(DATASET EXTRACT)

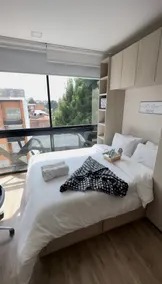 Modern loft in Cedritos with great view and park - Image 4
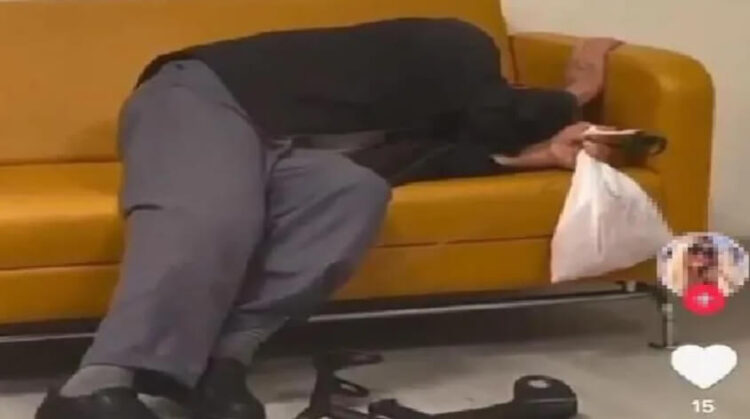 Acıdan kıvranan hastayı şarkıyla paylaştı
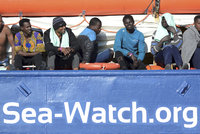 „Už toho bylo dost“. Loď s migranty i přes zákaz pluje k italským břehům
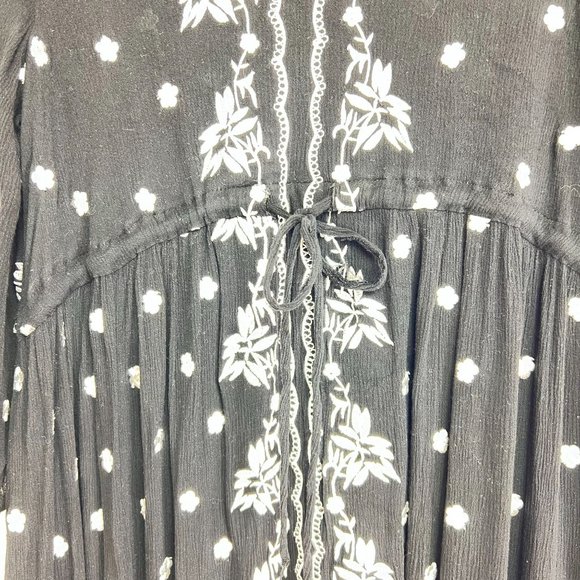 Vivien Tsao By Korea Black Floral Embroidered Midi Dress V-Neck Tie Waist Size L - Picture 3 of 4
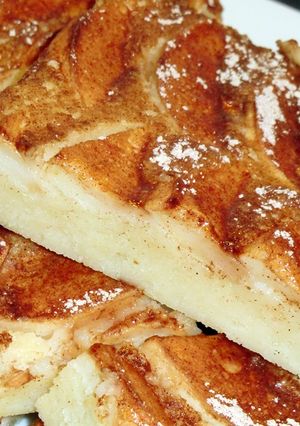Almás palacsinta tepsiben recept fotója
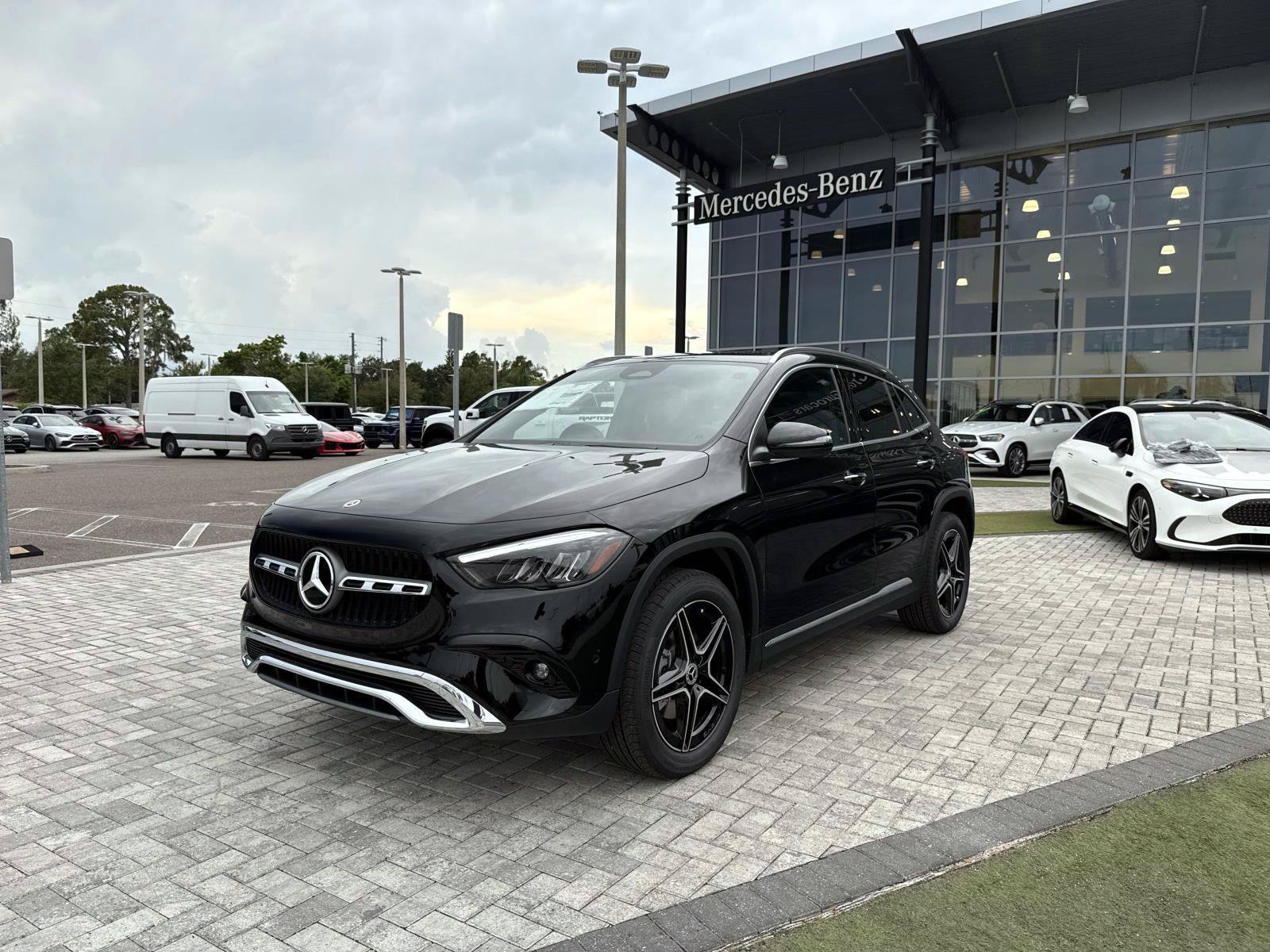 New 2026 Black Mercedes-Benz 250 4MATIC® SUV image 2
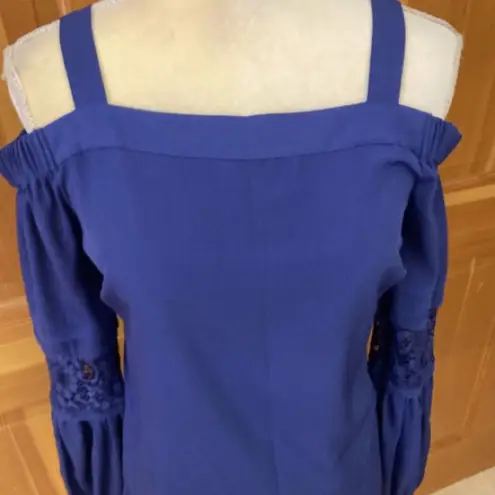 Thalia Sodi Mint Condition Blue Blouse. Size Small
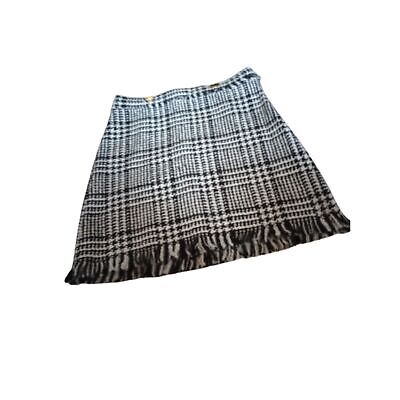 Zara Woman's Size Small Wool Blend Mini Skirt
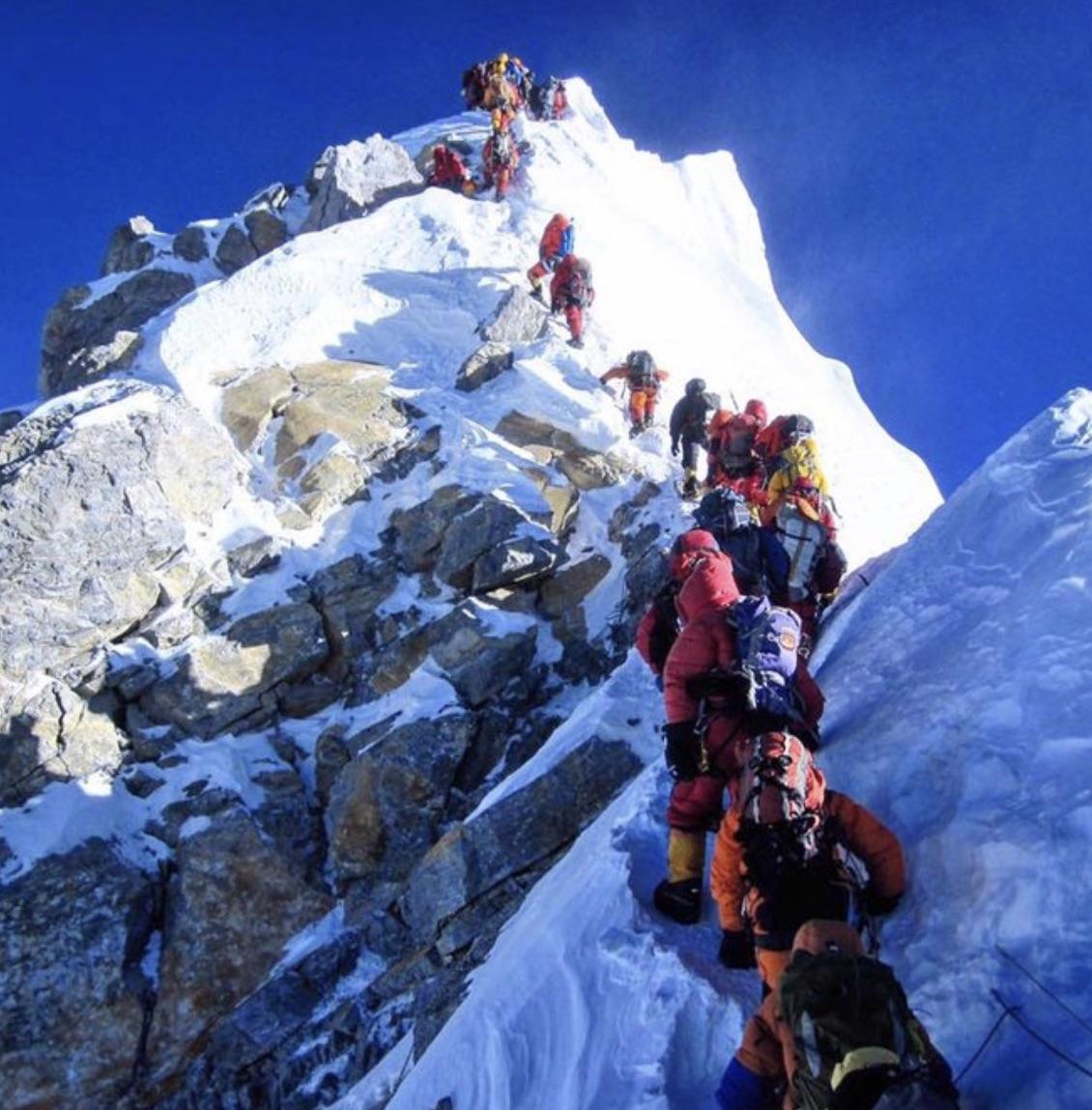 Tłumy podczas zdobywania Mount Everestu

(End DATASET EXTRACT)

Nothing but the lines from the line containing "k italským břehům" through the end of the data, both ends included, is to be reproduced, exactly as written and without the pictures.

 „Už toho bylo dost“. Loď s migranty i přes zákaz pluje k italským břehům
 Vivien Tsao By Korea Black Floral Embroidered Midi Dress V-Neck Tie Waist Size L - Picture 3 of 4
Almás palacsinta tepsiben recept fotója
 New 2026 Black Mercedes-Benz 250 4MATIC® SUV image 2
 Thalia Sodi Mint Condition Blue Blouse. Size Small
 Zara Woman's Size Small Wool Blend Mini Skirt
 Tłumy podczas zdobywania Mount Everestu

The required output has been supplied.